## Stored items
....................
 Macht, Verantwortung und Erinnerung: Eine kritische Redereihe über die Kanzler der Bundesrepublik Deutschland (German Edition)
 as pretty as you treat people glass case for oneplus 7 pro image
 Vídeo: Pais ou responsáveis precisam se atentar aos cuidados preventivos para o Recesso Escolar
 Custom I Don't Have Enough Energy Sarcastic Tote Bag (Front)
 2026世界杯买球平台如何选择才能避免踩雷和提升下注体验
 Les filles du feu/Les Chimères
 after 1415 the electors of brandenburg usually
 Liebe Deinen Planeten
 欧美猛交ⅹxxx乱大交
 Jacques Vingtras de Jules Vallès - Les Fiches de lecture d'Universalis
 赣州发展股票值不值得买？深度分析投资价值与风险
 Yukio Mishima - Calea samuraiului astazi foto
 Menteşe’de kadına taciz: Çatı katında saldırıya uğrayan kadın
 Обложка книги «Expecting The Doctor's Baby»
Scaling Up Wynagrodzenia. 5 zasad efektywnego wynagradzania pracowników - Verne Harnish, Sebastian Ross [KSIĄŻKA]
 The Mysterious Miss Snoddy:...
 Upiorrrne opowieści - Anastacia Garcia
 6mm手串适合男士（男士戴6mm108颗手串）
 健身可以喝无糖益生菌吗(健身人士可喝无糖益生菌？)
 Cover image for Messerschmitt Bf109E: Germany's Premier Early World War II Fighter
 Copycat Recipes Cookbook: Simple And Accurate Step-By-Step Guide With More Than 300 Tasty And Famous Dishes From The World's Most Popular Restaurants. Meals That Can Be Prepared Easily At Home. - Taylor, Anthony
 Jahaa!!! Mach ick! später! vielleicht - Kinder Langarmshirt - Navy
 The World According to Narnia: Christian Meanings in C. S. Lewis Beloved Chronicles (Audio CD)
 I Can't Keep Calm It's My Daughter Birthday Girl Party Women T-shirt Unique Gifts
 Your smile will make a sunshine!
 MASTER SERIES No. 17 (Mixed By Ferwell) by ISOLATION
....................
## WHAT TO WORK ON
Given the data above, transcribe exactly the lines from the one containing "2026世界杯买球平台如何选择才能避免踩雷和提升下注体验" down to the one containing "赣州发展股票值不值得买？深度分析投资价值与风险", and no others.

## ANSWER TO THE EXERCISE
 2026世界杯买球平台如何选择才能避免踩雷和提升下注体验
 Les filles du feu/Les Chimères
 after 1415 the electors of brandenburg usually
 Liebe Deinen Planeten
 欧美猛交ⅹxxx乱大交
 Jacques Vingtras de Jules Vallès - Les Fiches de lecture d'Universalis
 赣州发展股票值不值得买？深度分析投资价值与风险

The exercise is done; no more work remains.